Task item:
Copy the data exactly. Images are the one exception.

Image-caption web data:

□ □ □ □ □

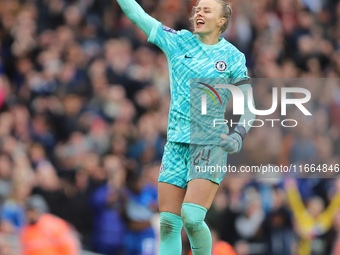 Chelsea goalkeeper Hannah Hampton celebrates in front of the Arsenal fans after the Barclays FA Women's Super League match between Arsenal a...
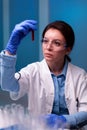 Biotechnologist woman scientist researching with a blood tube in pharma lab Royalty Free Stock Photo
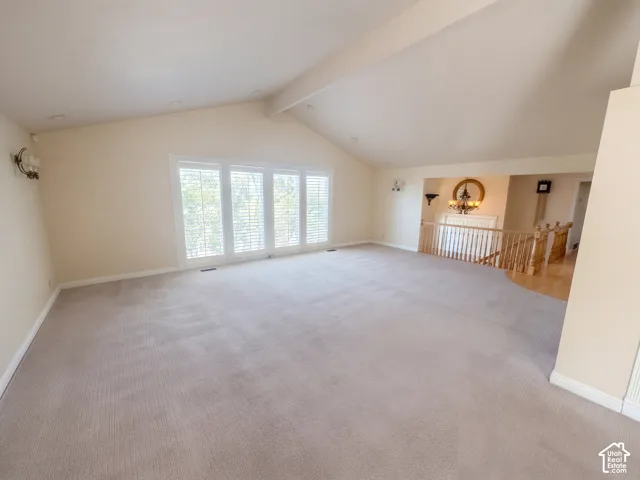 Vaulted ceilings, large windows with shutters, wall-mounted light fixtures, and wooden stair railings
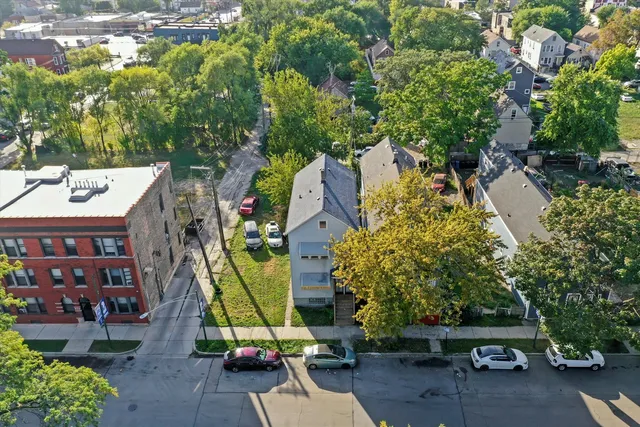 a view of a white house with a big yard and large tree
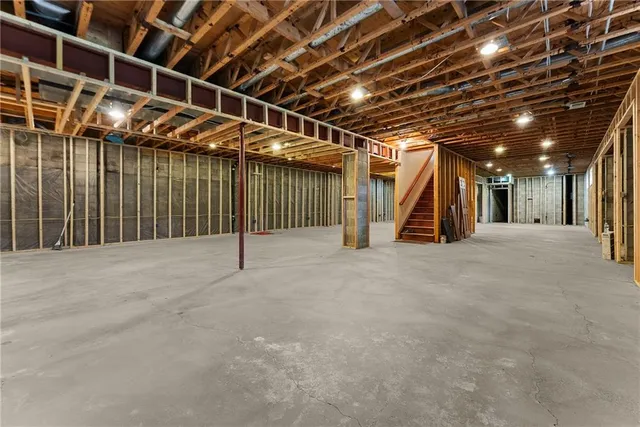 a view of empty room with wooden walls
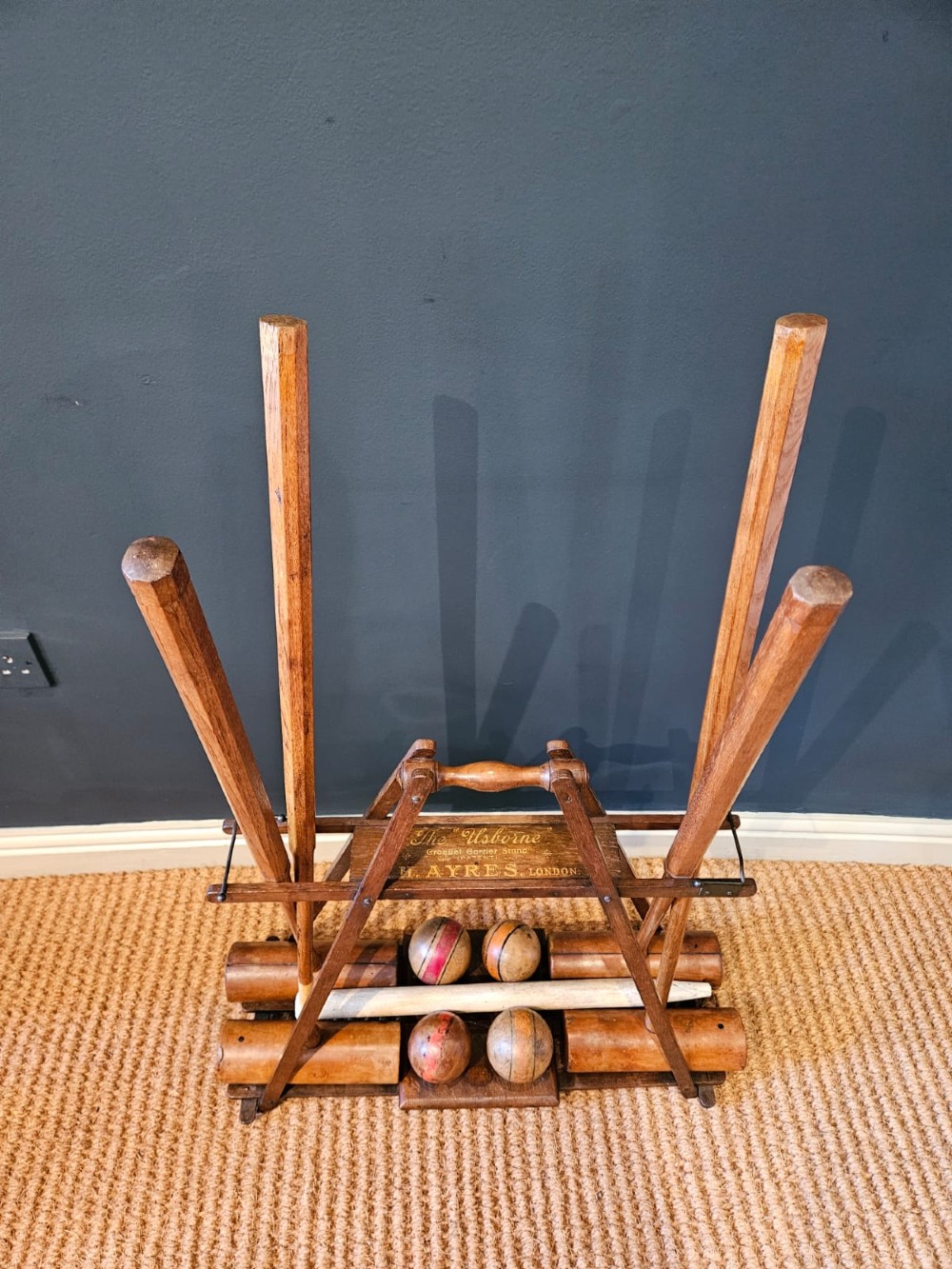An Edwardian wooden croquet stand featuring four tall wooden mallets and painted croquet balls supported on a timber frame with a central turned carrying handle. View III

□ □ □ □ □

Solution to this exercise:
 Chelsea goalkeeper Hannah Hampton celebrates in front of the Arsenal fans after the Barclays FA Women's Super League match between Arsenal a...
 Biotechnologist woman scientist researching with a blood tube in pharma lab Royalty Free Stock Photo
 Vaulted ceilings, large windows with shutters, wall-mounted light fixtures, and wooden stair railings
 a view of a white house with a big yard and large tree
 a view of empty room with wooden walls
An Edwardian wooden croquet stand featuring four tall wooden mallets and painted croquet balls supported on a timber frame with a central turned carrying handle. View III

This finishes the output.